### Try it
Word for word, repeat everything in the records below except the pictures.

** Opening Data listing block **

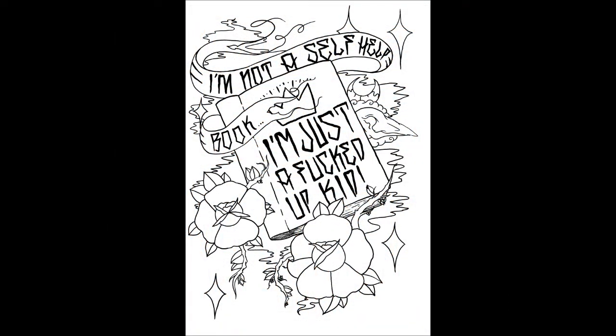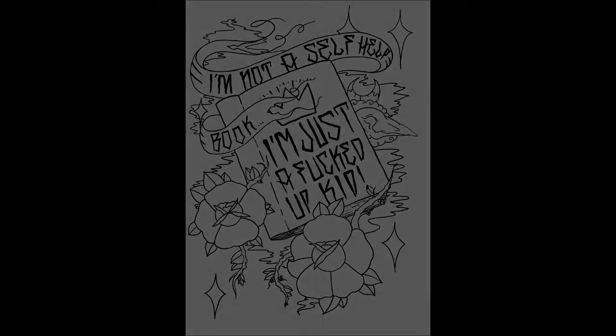I'm not a self-helpful, I'm just a strong kid.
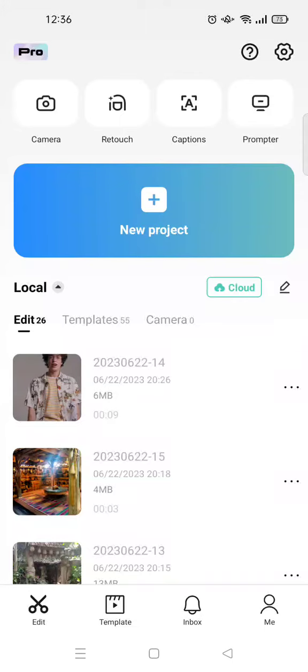Hi everyone, welcome back. In today's tutorial, I'm going to show you how to save CapCut templates to your phone. I've already opened the CapCut app and I'm going to head to the template tab first.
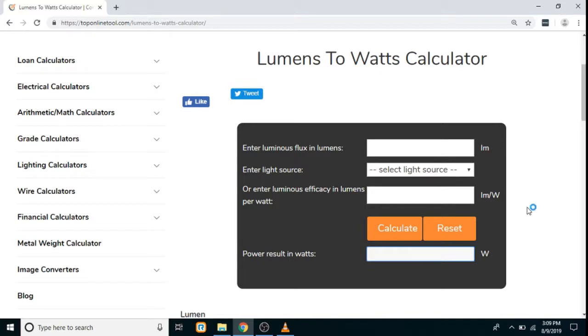Hello everyone, today we are going to see the Lumens to Watts calculator working. In this calculator, first you have to enter the flux in lumens — let's say we enter two lumens.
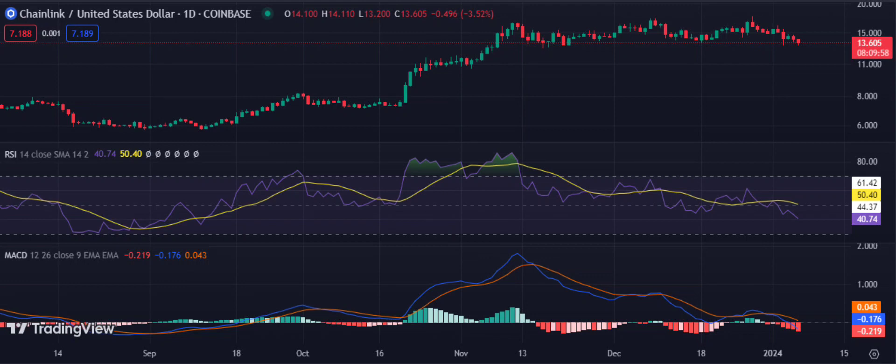The MACD line is trending downwards, with the signal line also trending lower. Furthermore, the Bollinger band is narrowing, showing decreased volatility in Link's market. Link has faced a stiff rejection at the middle band and is heading lower.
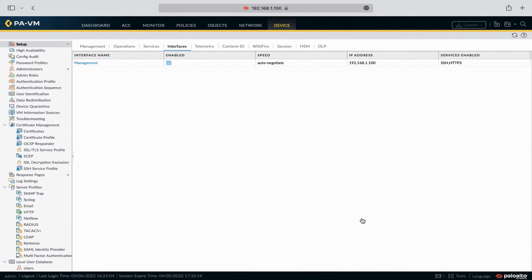In the next chapter, we will create a new local user account to manage the Palo Alto firewall and will configure general settings such as login banner and hostname. We will also discuss all options under the Setup Section.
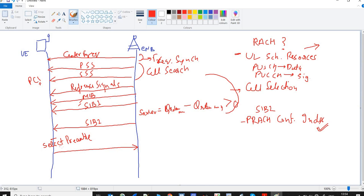Now the question is: what kind of format is the UE supposed to use for the preamble, and at what location is the UE supposed to send it? This information is provided in SIB2 via the PRACH configuration index. The UE uses this to determine what format of preamble to use and at what location to send the preamble.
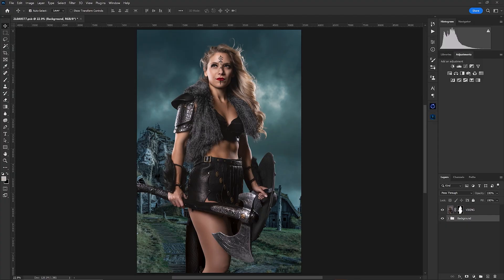Alright, so here we are in Photoshop. We've got our subject, which is this really cool Viking warrior princess type character and she's in this really cool Viking village. You've got some very cool tones in there — some greenish, bluish, teal type tones — and our subject doesn't quite match the background.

** Closing Data listing block **

### Problem solution
I'm not a self-helpful, I'm just a strong kid.
Hi everyone, welcome back. In today's tutorial, I'm going to show you how to save CapCut templates to your phone. I've already opened the CapCut app and I'm going to head to the template tab first.
Hello everyone, today we are going to see the Lumens to Watts calculator working. In this calculator, first you have to enter the flux in lumens — let's say we enter two lumens.
The MACD line is trending downwards, with the signal line also trending lower. Furthermore, the Bollinger band is narrowing, showing decreased volatility in Link's market. Link has faced a stiff rejection at the middle band and is heading lower.
In the next chapter, we will create a new local user account to manage the Palo Alto firewall and will configure general settings such as login banner and hostname. We will also discuss all options under the Setup Section.
Now the question is: what kind of format is the UE supposed to use for the preamble, and at what location is the UE supposed to send it? This information is provided in SIB2 via the PRACH configuration index. The UE uses this to determine what format of preamble to use and at what location to send the preamble.
Alright, so here we are in Photoshop. We've got our subject, which is this really cool Viking warrior princess type character and she's in this really cool Viking village. You've got some very cool tones in there — some greenish, bluish, teal type tones — and our subject doesn't quite match the background.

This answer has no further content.